В гостинице ее узнавали или считали нашей, и никто ни разу не посмел спрашивать у нее пропуск.
Как-то мы оказались на улочке без неба: над нами громоздились строительные леса в несколько этажей. Дощатый тротуар под дощатой крышей напрягся, стало темно и трудно дышать.
Ольга сказала:
- Кажется, впереди глухие ворота... Давай вернемся...
Но, почувствовав чью-то уверенную подсказку, я не согласился с ней:
- Этого не может быть... Через пятьдесят шагов будет выход, - сказал я.
Мы пошли вперед, считая шаги, и, когда досчитали до пятидесяти, небо открылось и мы оказались на площади перед Кампой.
И всякий раз, как ни безоглядно мы уходили в любом направлении и каким лабиринтом ни казались мне старые кварталы, выход открывался сам собою, и мы оказывались в исходной точке - Карлов Мост и площадь перед Кампой.
Любая случайность казалась чудом.
- Видишь, круг замкнулся, - сказала Ольга, - я - кошка из твоего замкнутого круга...
Рильке она знала лучше, чем я; Цветаева была для нее пражанкой, но об Ахматовой она переспрашивала меня.
Мы целовались с открытыми глазами, целовались снова и снова, и мне казалось, что она целует лучше всех, кого я успел узнать...
Я и сегодня готов поклясться, что пражская архитектура рождена настоящей любовью для настоящей любви...

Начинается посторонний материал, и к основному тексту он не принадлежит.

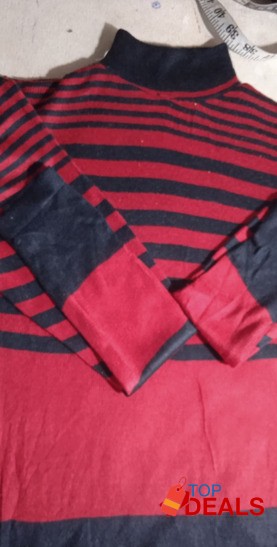 High-Necks for kids image 2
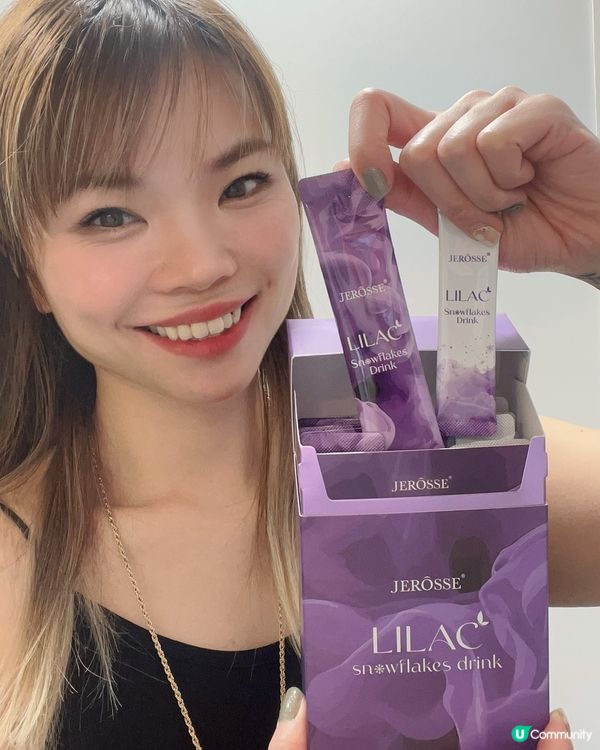 控糖産品纖體飲品　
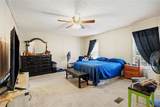 1004 Chapman Road - Photo 20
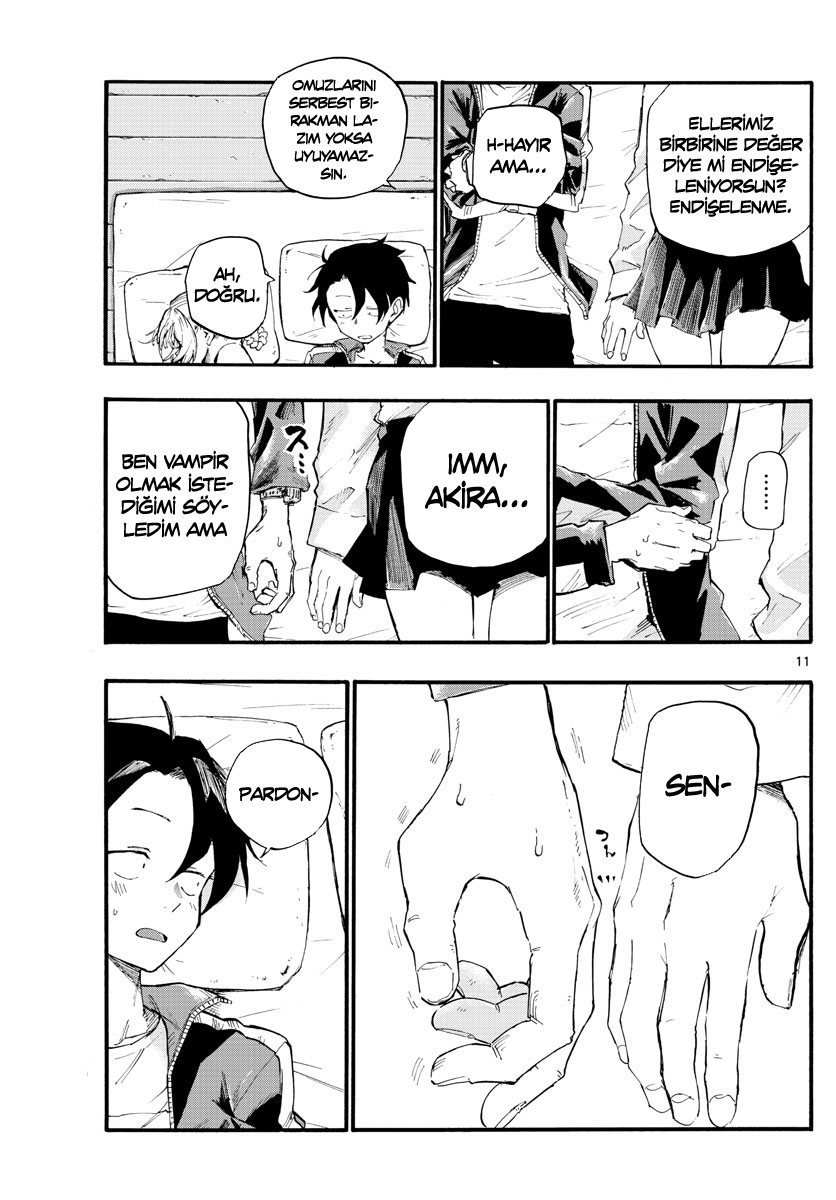 Sayfa 11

Однажды она сказала, что со мной хотят познакомиться родители, и я не отказался от встречи. Я не мог ей ни в чем отказать.

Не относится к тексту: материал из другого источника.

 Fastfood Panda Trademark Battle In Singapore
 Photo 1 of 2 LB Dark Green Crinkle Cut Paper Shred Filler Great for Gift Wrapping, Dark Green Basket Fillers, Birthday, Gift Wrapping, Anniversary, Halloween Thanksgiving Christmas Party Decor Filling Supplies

Отец, мать и бабушка Ольги эмигрировали из Петербурга давно, кажется, сначала в Париж, но теперь не представляли жизни вне Праги.

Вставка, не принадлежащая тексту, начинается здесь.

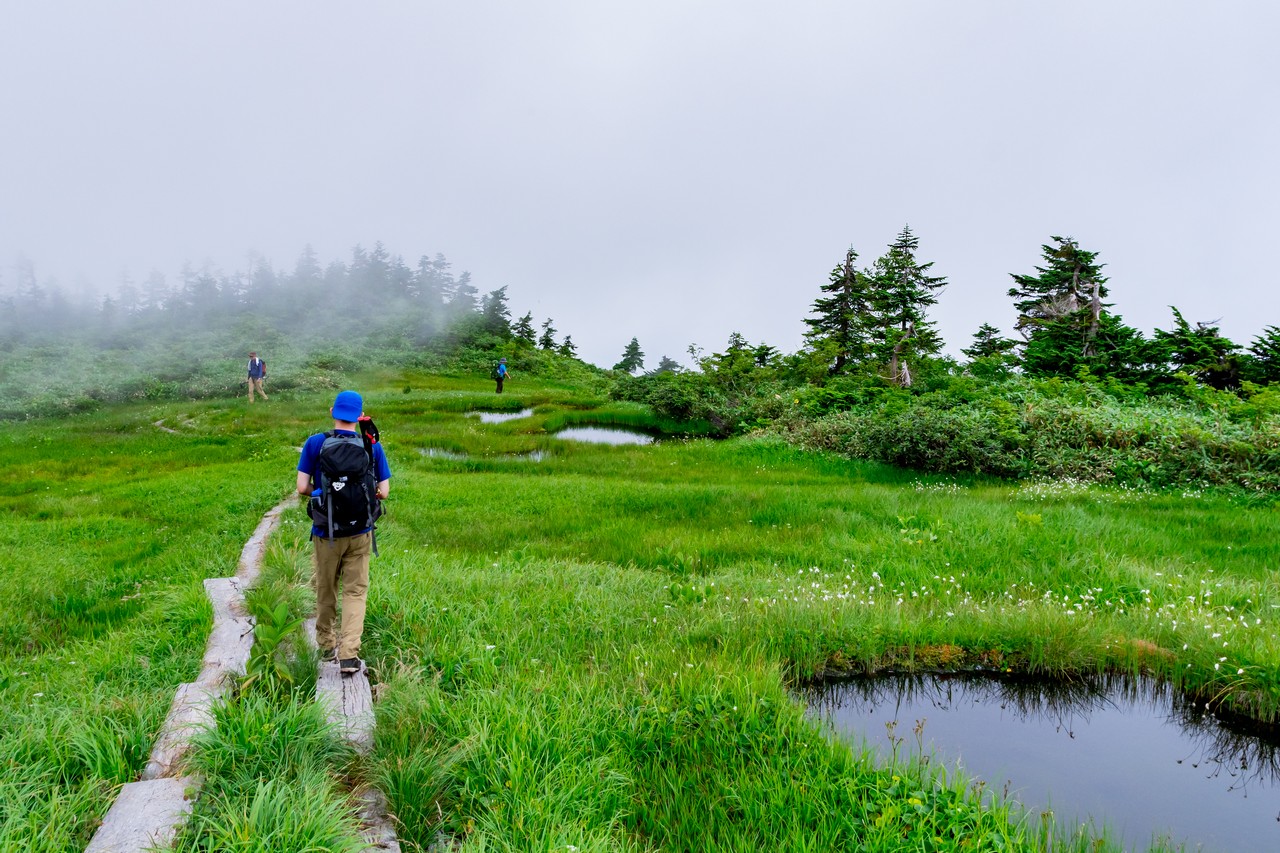 170827会津駒ヶ岳-066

покойный писатель и деятель русского театра Н.Н. Евреинов был каким-то дальним родственником моей героини. С того званого обеда прошло много лет, однако я хорошо помню, что их родство с Николаем Николаевичем за пражским столом упоминалось. Этот человек написал книги "Театр как таковой", "Театр для себя", "Происхождение драмы", пьесы "Красивый деспот", "Такая женщина", "Самое главное" и книги по истории русского театра. По мнению нашей "Театральной энциклопедии" издания 1963 года, Николай Николаевич "отстаивал субъективно-идеалистический взгляд на искусство" и "утверждал, что творчество служит потребностям самовыявления", а "жизнь - непрерывный театр для себя...".
- О, как вы правы, Николай Николаевич, - сказал бы я ему на званом обеде, но его там не было, а в его книги я заглянул гораздо поздней.
В начале века Евреинову удалось создать свой "Старинный театр", но, сообразив, к чему идет Россия, он еще в 20-х годах отбыл во Францию и предпочел следить за нашими театральными событьями издали.